### Records for the exercise
--------

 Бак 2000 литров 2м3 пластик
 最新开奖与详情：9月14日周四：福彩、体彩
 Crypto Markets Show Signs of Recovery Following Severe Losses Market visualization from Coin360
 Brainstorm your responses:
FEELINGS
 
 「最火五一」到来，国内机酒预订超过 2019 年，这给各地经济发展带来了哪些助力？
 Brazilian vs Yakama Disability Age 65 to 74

--------

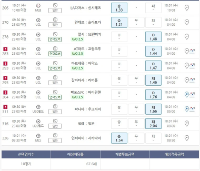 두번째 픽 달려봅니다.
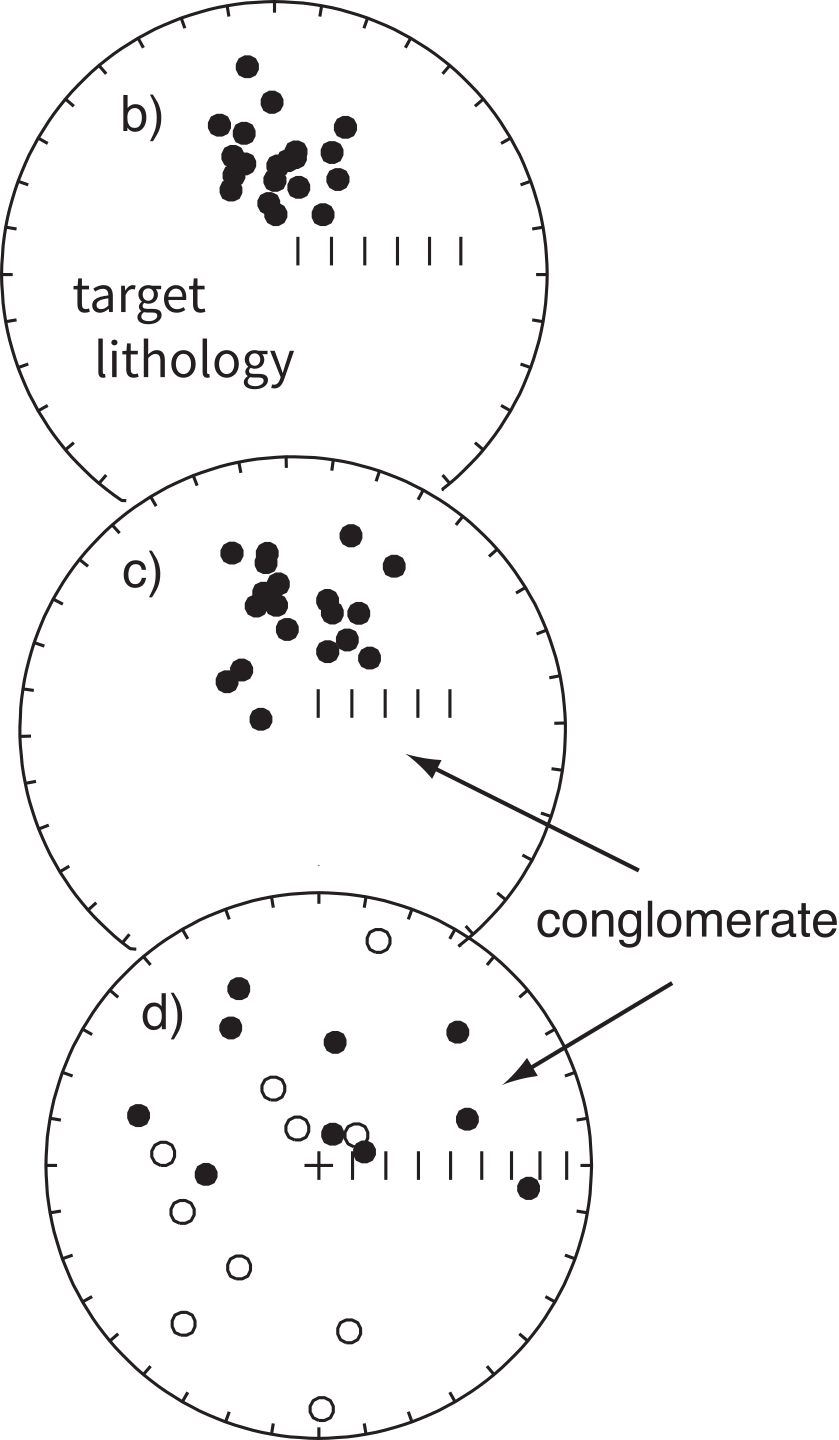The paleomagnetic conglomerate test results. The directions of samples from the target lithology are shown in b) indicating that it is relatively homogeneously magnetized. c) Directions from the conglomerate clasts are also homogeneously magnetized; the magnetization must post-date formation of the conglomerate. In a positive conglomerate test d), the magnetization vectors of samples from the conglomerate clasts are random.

--------

### Exercise directions
After locating the line holding "Бак 2000 литров 2м3 пластик" above, output exactly that line and every line after it through the line holding "Brazilian vs Yakama Disability Age 65 to 74". Include nothing else.

### Response
 Бак 2000 литров 2м3 пластик
 最新开奖与详情：9月14日周四：福彩、体彩
 Crypto Markets Show Signs of Recovery Following Severe Losses Market visualization from Coin360
 Brainstorm your responses:
FEELINGS
 
 「最火五一」到来，国内机酒预订超过 2019 年，这给各地经济发展带来了哪些助力？
 Brazilian vs Yakama Disability Age 65 to 74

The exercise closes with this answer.